Tuesday, October 28, 2008

Retro Grandmother

Months on end I would have to stay home waiting for my body to heal from some operation that the ‘powers that wear white coats’ had deemed necessary for my well being. Other children would spend hours in school learning their ABC‘s. I would spend hours with my grandmother and her two sisters; Nana, Aunt Elsie, and Aunt Izella. I learned to play Canasta like a pro, dine at expensive restaurants, use ’proper’ English, read the best books, attend the best live theatrical productions, and shop at the best stores. But mostly I learned “to be a lady”.

“Ladies DO NOT say, ’I’m full’.” “Ladies say, ’I’ve had sufficient ’.”

Ladies do not sit with their legs crossed one on top of the other. Ladies sit with their ankles crossed and their legs pulled in and tucked to the side.

Ladies always LISTEN well.

Ladies always send thank you notes.

Ladies read so that their conversation will be topical and interesting.

A woman could always be a woman, but LADYhood was something that a women should strive to attain.

They had all gone to college, had all made good marriages, had all become widows too early, and they adored one another. Nana and Aunt Izella were full sisters. Aunt Elsie was their half sister from their mother’s second marriage. Of the three sisters, my grandmother Pearl aka Nana, was the only one that had had children. And that is why the three sisters loved caring for and teaching me. I was the physically limited girl child. The oldest child, the child that had to find entertainment while my body healed. I loved my time with them. And, I wanted more then anything to be a part of their wonderous world of ladyhood.

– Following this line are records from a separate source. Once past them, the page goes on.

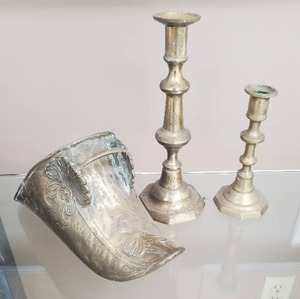 lot 94 image: Two unmatched Brass Candlesticks and Cornucopia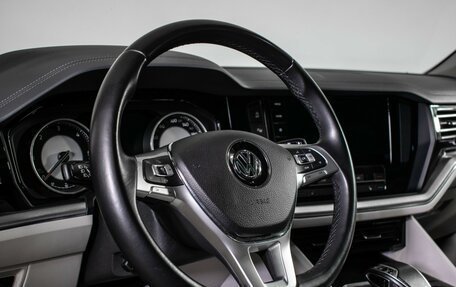 Volkswagen Touareg III, 2018 год, 4 890 000 рублей, 14 фотография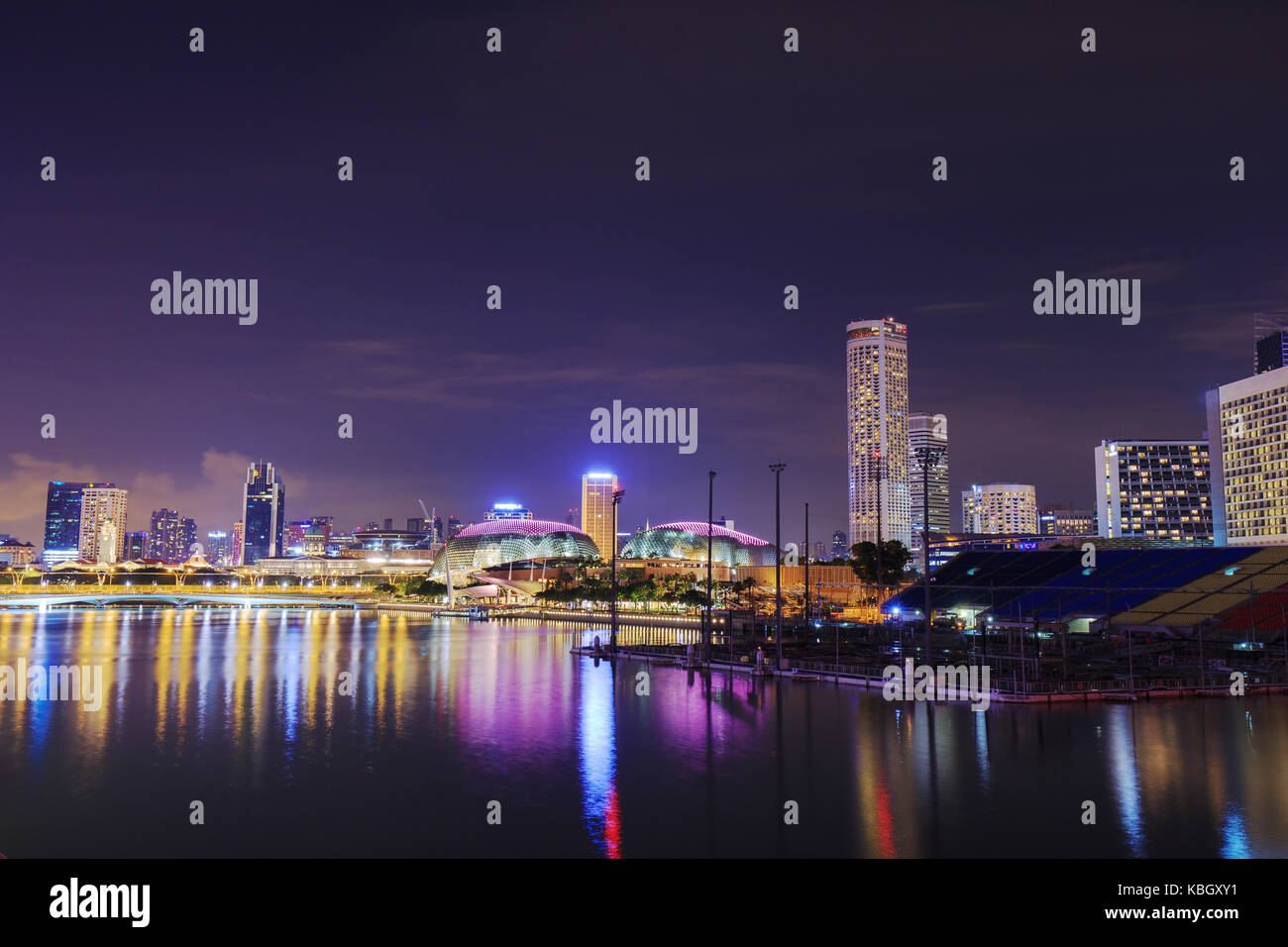 Blick auf die Skyline von Singapur City bei Nacht Stockfoto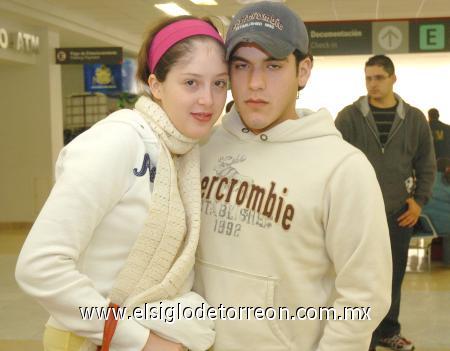 25122006
Cristian Cornú viajó a San Diego y fue despedido por Manuel González.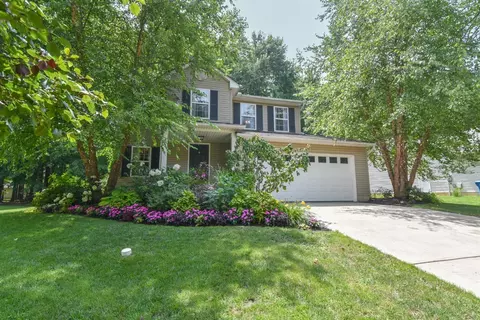 1523 Thornberry Rd, Amelia, OH 45102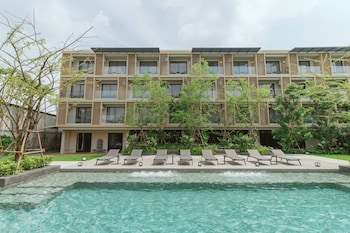 paak hotel suvarnabhumi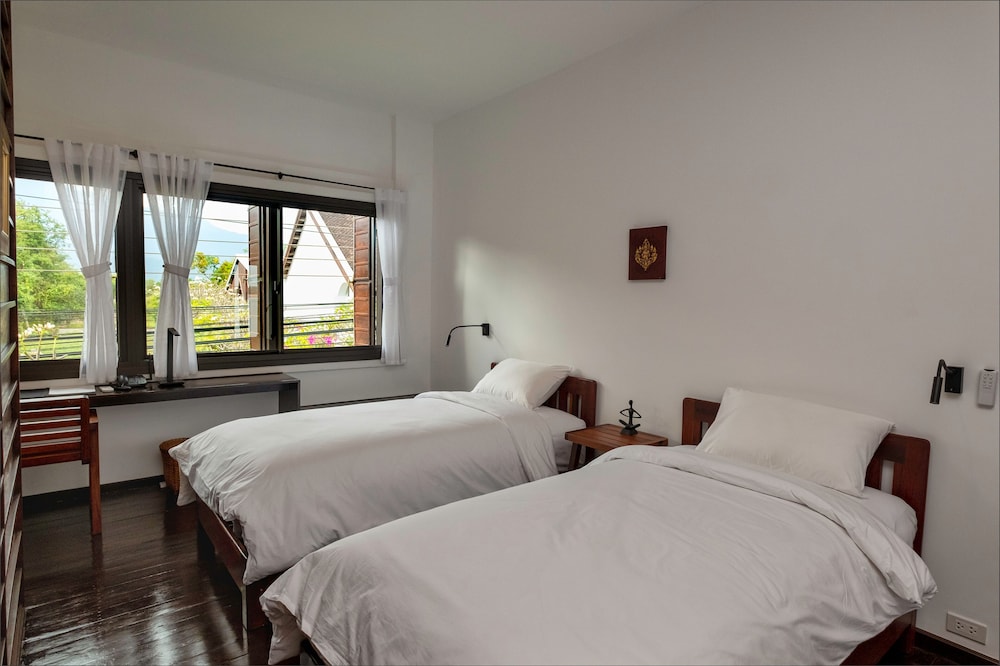 Superior Twin Room photo 2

Aunt Elsie was considered the most beautiful. Aunt Elsie was considered to be the ultimate in ladyness. I once lived with Aunt Elsie for three months. I lived in the rarefied world of the wealthy and proper. I learned the importance of the correct jewelry . I learned the importance of the correct wardrobe. I learned the importance of combining the two to achieve perfection. I learned to LOVE bracelets and earrings. I couldn’t learn to love necklaces. I walked with a slight limp on the right side and the necklace would swing over to the right and get caught on my right breast . A necklace caught on ones breast could interfere with the ladyness of ones presence; therefore no necklaces.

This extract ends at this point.